La reforma actual redescubre la importancia del ministerio de la presidencia litúrgica. Se busca recuperar su espacio propio en la celebración litúrgica, ya no se habla de un trono, sino de un “lugar” en el presbiterio, formando parte de la asamblea litúrgica, desde el cual Cristo mismo preside en la persona del ministro (SC 7).
No se trata de un elemento meramente funcional para sentarse, sino de un lugar simbólico y sacramental. Es el icono espacial de Cristo, Cabeza y Pastor presente realmente en la celebración de su Iglesia. Desde este lugar, Cristo mismo congrega a su Iglesia y preside su oración.
La reforma nos advierte que debe ser un lugar visible, de tal forma que el presidente “vea” y que le “vean”. Se ha de tener cuidado para que la preeminencia evite la apariencia de trono (OGMR 310) y se opte por un lugar sencillo, digno, que pueda expresar la idea de autoridad como servicio. Lo que la reforma nos pide contradice la tan usada costumbre del triple sillón dorado de terciopelo rojo propio de la sensibilidad barroca que muchas veces nada tiene que ver con las estructuras de muchas de nuestras iglesias.
Conviene que la sede sea estable, para resaltar su permanencia, que pueda quedar visualmente claro que es un espacio único, que se distinga de los demás asientos, incluso con el de los concelebrantes, diáconos, monaguillos, etc., cuyos sitios no deben estar a la par; el que preside es uno. La sede por su material debe estar en armonía con el Ambón y el Altar; y visible de tal forma que su ubicación no aparezca alejada de la asamblea.
Tampoco es conveniente situarla delante del Altar “ya que usurparía al Altar su carácter de centro de la atención de la asamblea”. Y en la catedral debe diferenciarse de la cátedra del obispo, que es signo del magisterio episcopal y ha de permanecer vacía mientras no lo ocupe el obispo.
No olvidemos que desde el año 1969 está previsto que el lugar más propio de la homilía es precisamente la Sede, desde la que el sacerdote preside toda la primera parte de la celebración.

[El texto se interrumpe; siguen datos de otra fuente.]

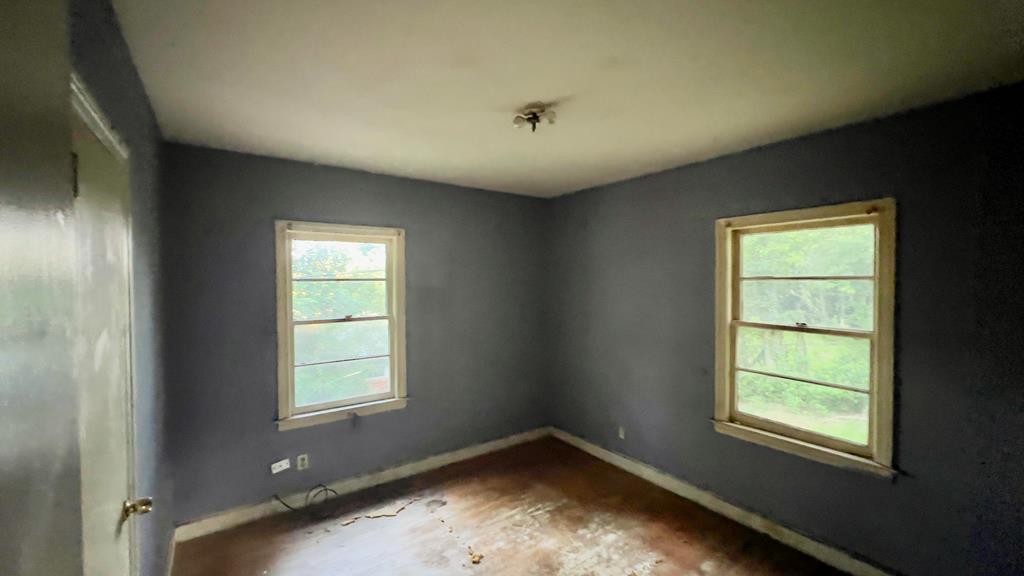 3 Kent Court Columbus, GA 31903 - Photo 5 of 11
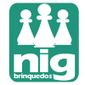 Jogo-Roleta-Nig-Brinquedos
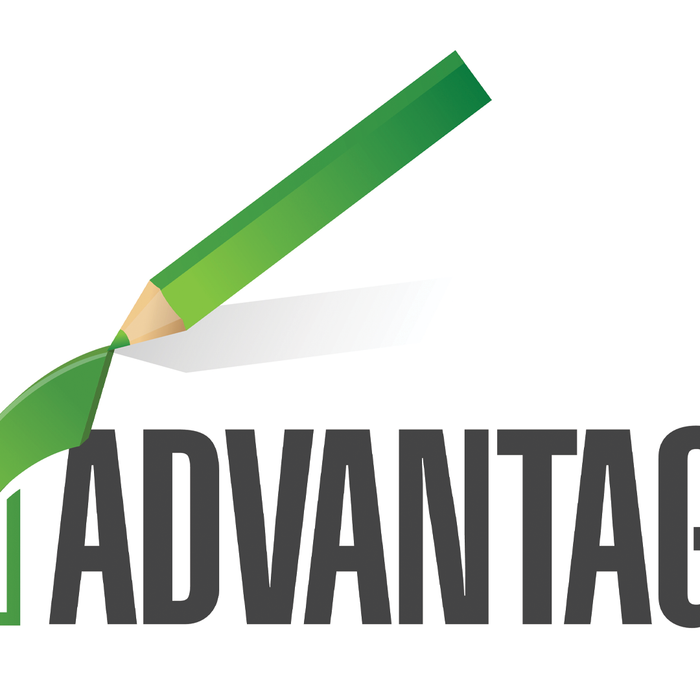 5 Advantages of Using a Wet Tile Saw
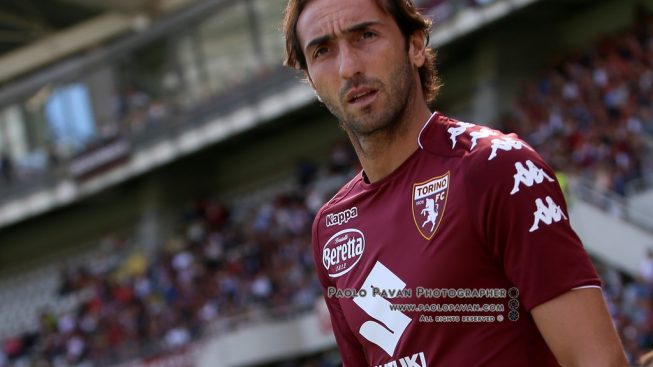 sport-calcio-serie-a-tim-20172018-torino-sampdoria-15.jpg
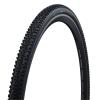 Schwalbe Reifen 28 x 1,30 X-One Allround Faltb.Perf. 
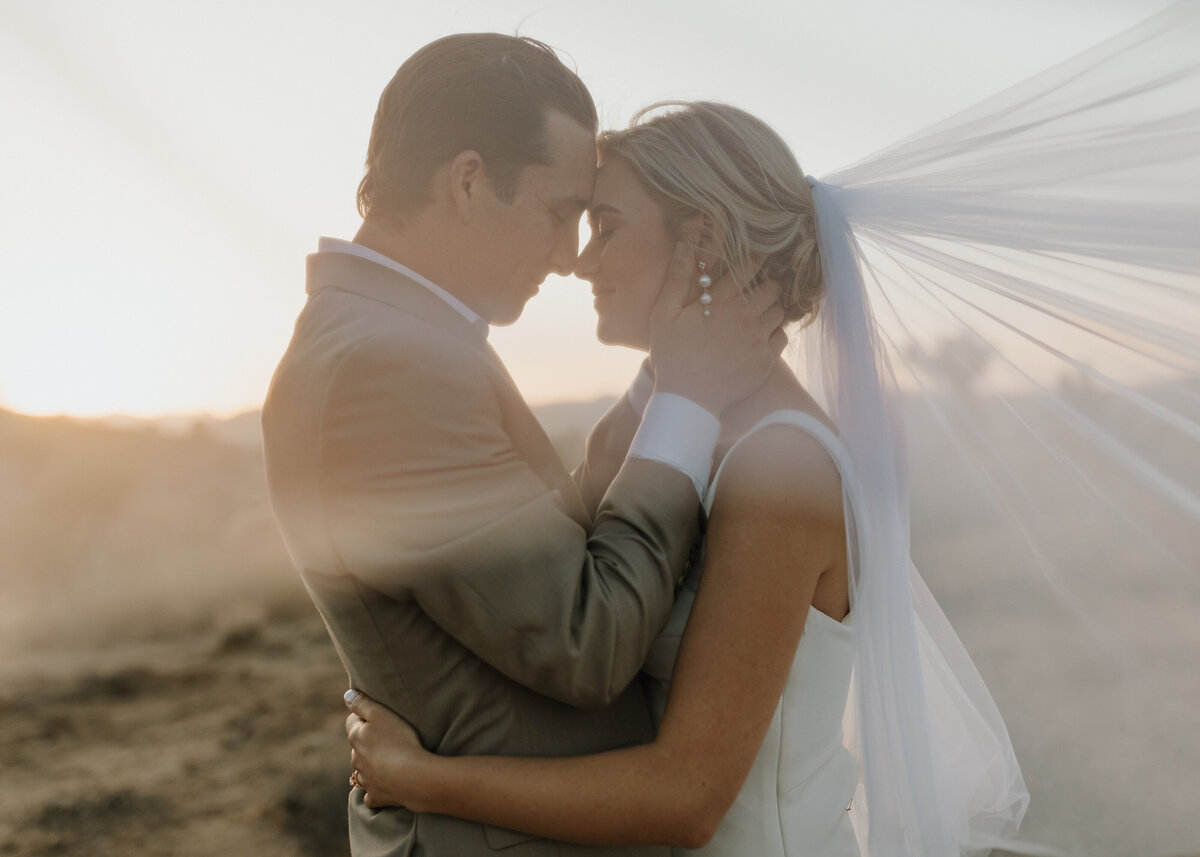 Palm Springs California Couples session, Valentines Day Couples Session in Palm Springs California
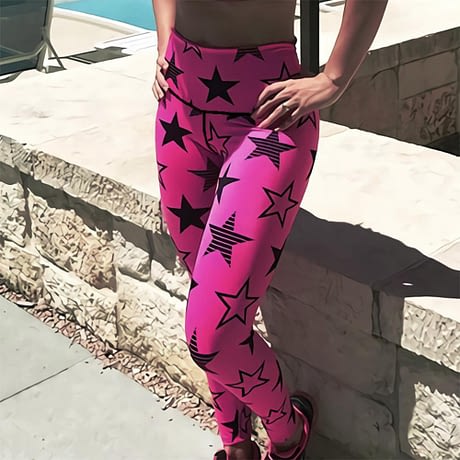 Star-Pattern-Printing-Elastic-Force-Fitness-Women-Polyester-Fashion-Leggings-Workout-New-Style-Skinny-Ladies-Sporting.jpg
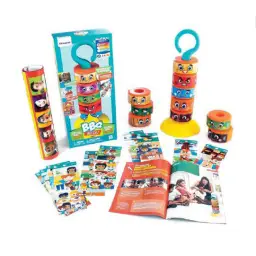 Imagen del producto 8413082454074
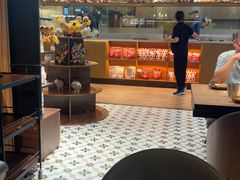 -耶里夏丽·丝路新疆菜·清真食品(徐汇南丹东路臻选店)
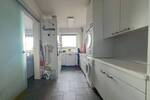 Etagenwohnung Frankfurt am Main Bonames - 3 Zimmer, 70 m&sup2;, 239.000&euro; | Angebot:26346099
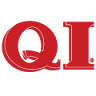 Schools and Colleges IQ - Novo Hamburgo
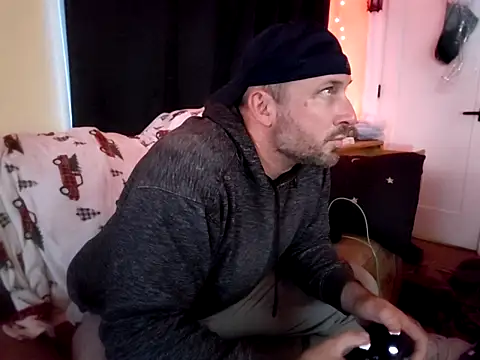 Lexxstacy online show from 01/08/26, 07:16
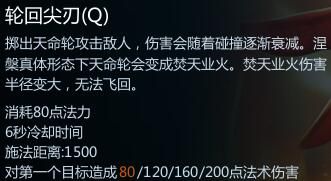 英魂之刃金乌变态出装,英魂之刃变态出装攻略解析 英魂之刃金乌变态出装,英魂之刃变态出装攻略解析
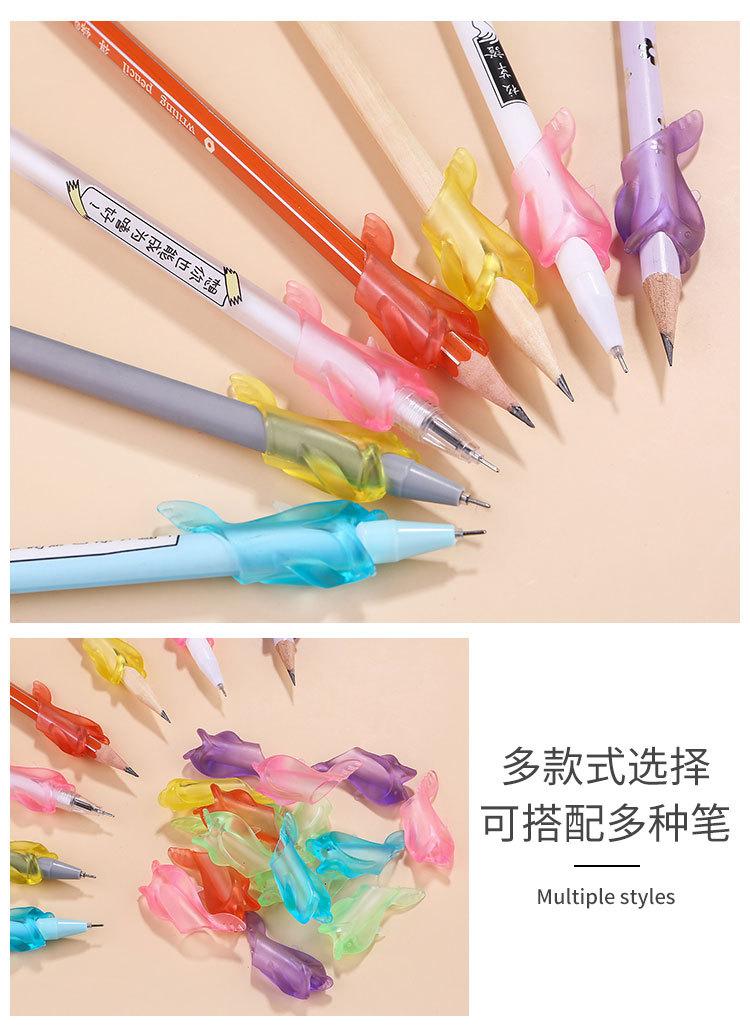 详情页_04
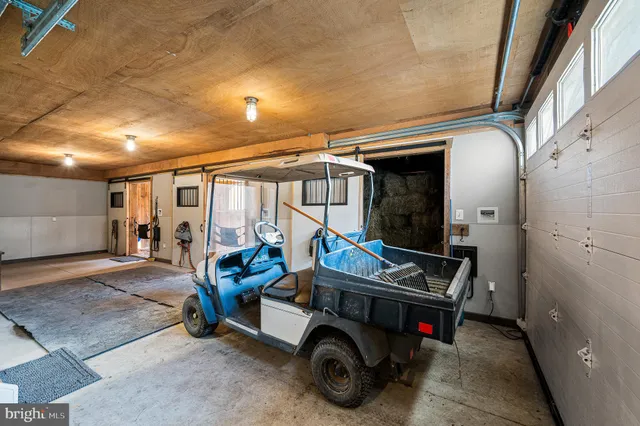 $3,850,000 | 2029 East Buckshutem Road, Port Norris, NJ 08349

Si no está bien colocada, la homilía se podrá hacer desde el Ambón o desde otro lugar idóneo como lo dice la OGMR en el n. 136.

Situación actual

Al contemplar muchos de los espacios litúrgicos de nuestras iglesias actuales descubrimos que lamentablemente no se ha descubierto el sentido de la Sede, quizás porque no se tenga una clara comprensión de la teología del ministerio de la presidencia. En muchos lugares subsiste la triple sede como modelo y ejemplo incluso en las nuevas construcciones.
Muchas veces no es única, por lo general, la vemos acompañada por un número excesivo de asientos alrededor de ella, todo esto dificulta su simbolismo.
La sede tiene que estar liberada de todos los asientos en torno a ella, para que pueda expresar que la presidencia litúrgica es única: Cristo mismo. Los arquitectos deben ayudar para buscar la armonía entre los tres “polos magnéticos” de la celebración: Sede, Ambón, Altar a través de su diseño, su material, su estilo, sus proporciones. Sólo así vamos a poder recuperar la Sede como el icono espacial de Cristo Buen Pastor, que nos preside en el servicio y en la caridad, representado sacramentalmente en el presidente de la celebración.
Si logramos tener conciencia clara de todo esto, cuánto podemos crecer, no sólo en la liturgia sino también en la pastoral.